Personally I believe it's a double edged sword that the all-terrain support systems helps even unskilled drivers make the most of Land Cruiser’s off-road performance. They also make the Toyota one of the most technically advanced, safe, pleasurable and easy-to-use all-wheel drive vehicles in the world, though I'm confident Land Rover would have something to say here. Of course I understand why manufactures like Toyota create fool proof 4x4 systems, but I firmly believe that off-road driving is a skill that is learnt from experience, and experience isn't gained when the machine is doing everything for you, but I digress.
The new Land Cruiser builds on this proven, trusted formula with a new design that is visually more agile and dynamic, yet which maintains three core strengths essential to the vehicle’s go-anywhere credentials: Total Practicality, with headlamps and cooling openings positioned to maximise protection and wading depth; Total Durability, with the powertrain and all functional parts well-protected; and Total Capability, with a tight turning circle and generous ground clearance, essential for the most demanding off-road driving conditions.
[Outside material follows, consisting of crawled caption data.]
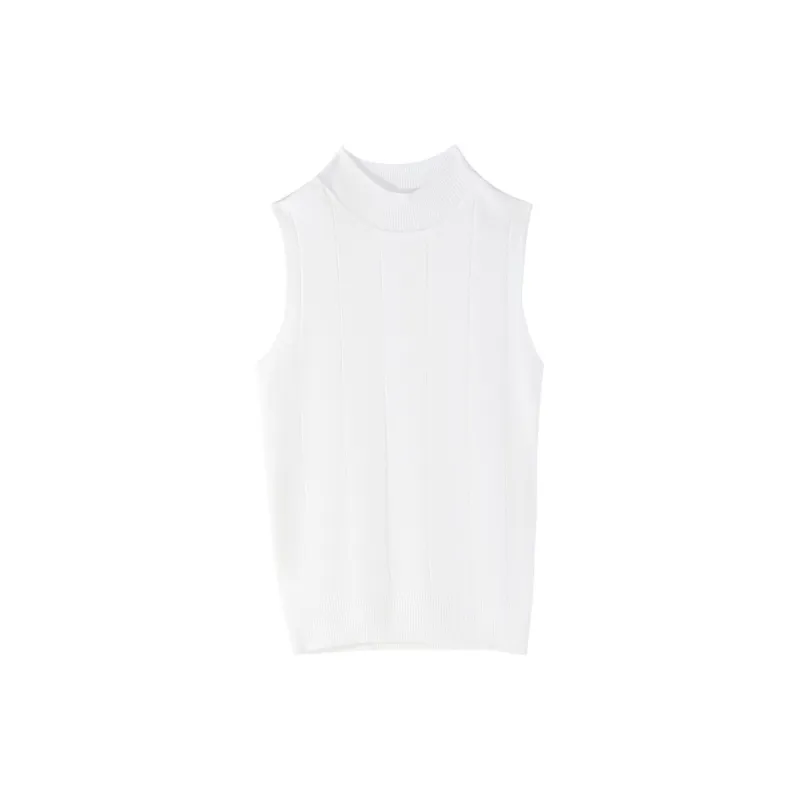 YIMANLI Women's Undershirts-0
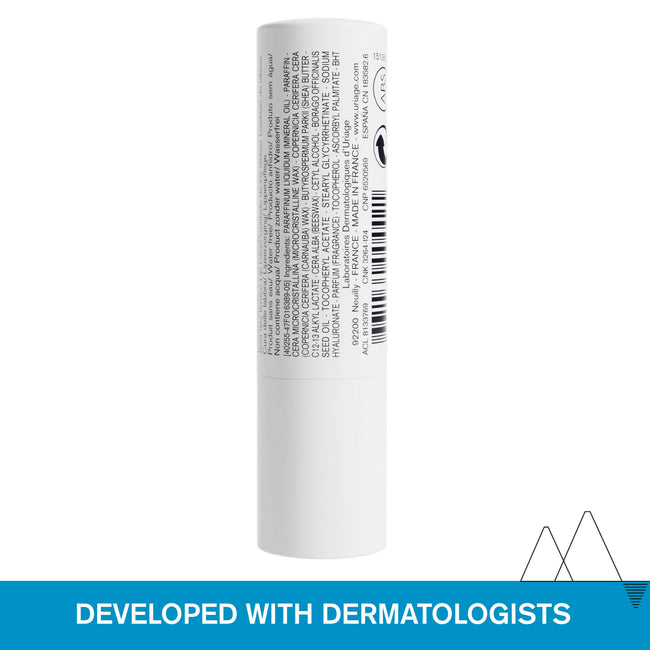 URIAGE Thermal Moisturizing Lipstick 4g
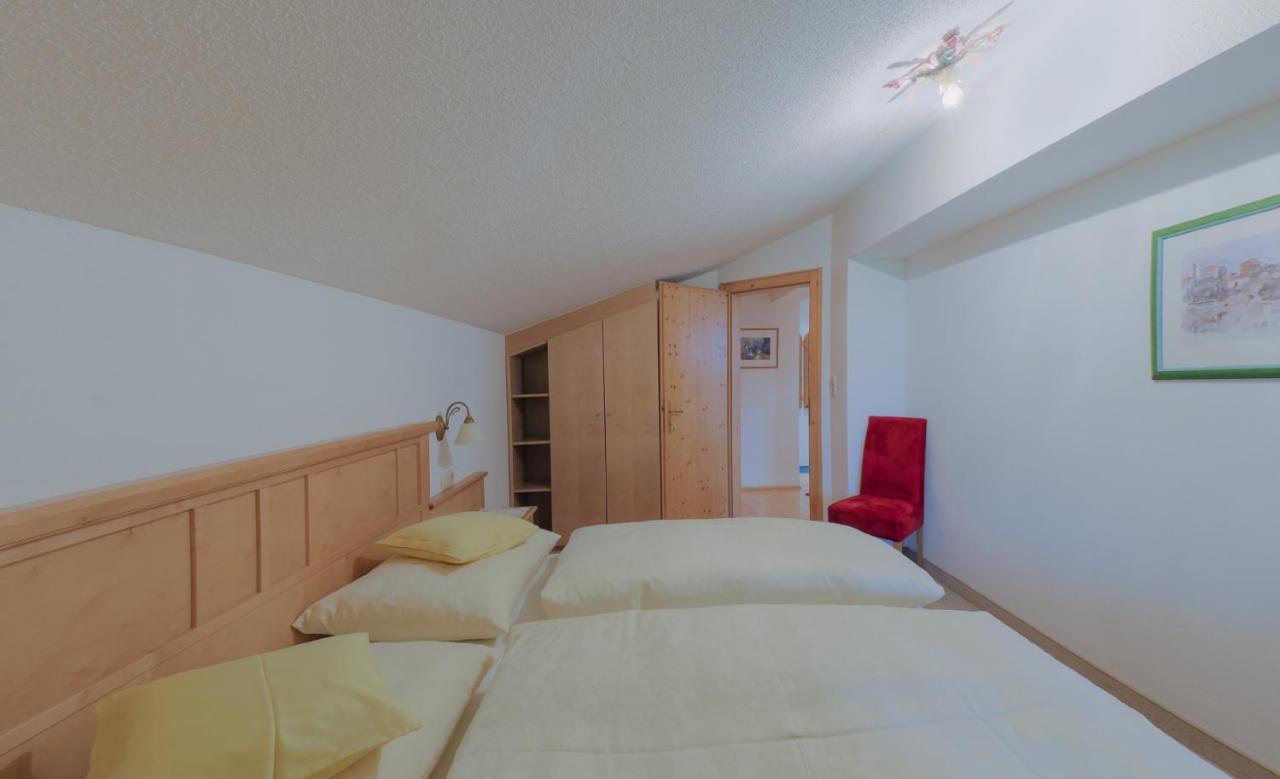 Landhaus Johannes Mayrhofen Extérieur photo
The overall length has been increased by 60mm to 4,840mm (4,565mm for the three-door model). A minimum turning circle of 5.8 metres (5.2 metres three-door) contributes to exceptional manoeuvrability.
The bonnet has been shaped to improve downward visibility at the centre and it is sandwiched by the sides of the bumper to help protect the engine bay. The corners of the lower part of the bumper have integral fog lamps and kick upwards, while the centre section is shaped like a skid plate for easier manoeuvring off-road. The top section of the wings has been raised so that it’s easier for the driver to pinpoint the vehicle’s extremities.
The front grille and headlamps have been organised into single, powerful graphic and set higher for better off-road functionality, though I have to say, not very aesthetically pleasing. The grille’s apertures have been made as large as possible for optimum engine cooling, while the headlamp main beams are positioned inboard to avoid damage when driving off-road.
In keeping with Land Cruiser heritage, the grille itself features broad vertical bars with slit-shaped cooling openings, finished in chrome. The headlamp clusters comprise high and low beams, front turn indicators and daytime running lights, contained in a distinctive housing. According to model grade and market, the headlamps use halogen bulbs or LEDs, in the latter case with LED daytime running lights as well.
The sharply trimmed lower section of the body reinforces the Land Cruiser’s broad stance and minimises the impact of the front overhang on the vehicle’s off-road approach angle. Ground clearance is 215mm (205mm three-door), with 31-degree approach, 25-degree departure and 22-degree ramp break-over angles.
Although the new Land Cruiser’s interior doesn't look very plush compared to others, it features a revised dashboard that incorporates new instrument binnacle and centre console designs, delivering easier operation and a refined finish. I think functional is what they are going for, but then I've only seen the one photo!
High grade versions of the new Land Cruiser with automatic transmissions are equipped with Toyota Safety Sense active technologies to help prevent accidents happening, or mitigating the consequences if an impact does occur.
The package includes a Pre-Collision System (PCS) with pedestrian detection function, Adaptive Cruise Control (ACC), Lane Departure Alert (LDA) and Automatic High Beam (AHB).
Further driver support is provided a Blind Spot Monitor with Rear Cross Traffic Alert and an upgraded tyre pressure warning system.
You can pretty much guarantee it'll be a hit, and I can't wait to get my hands on one.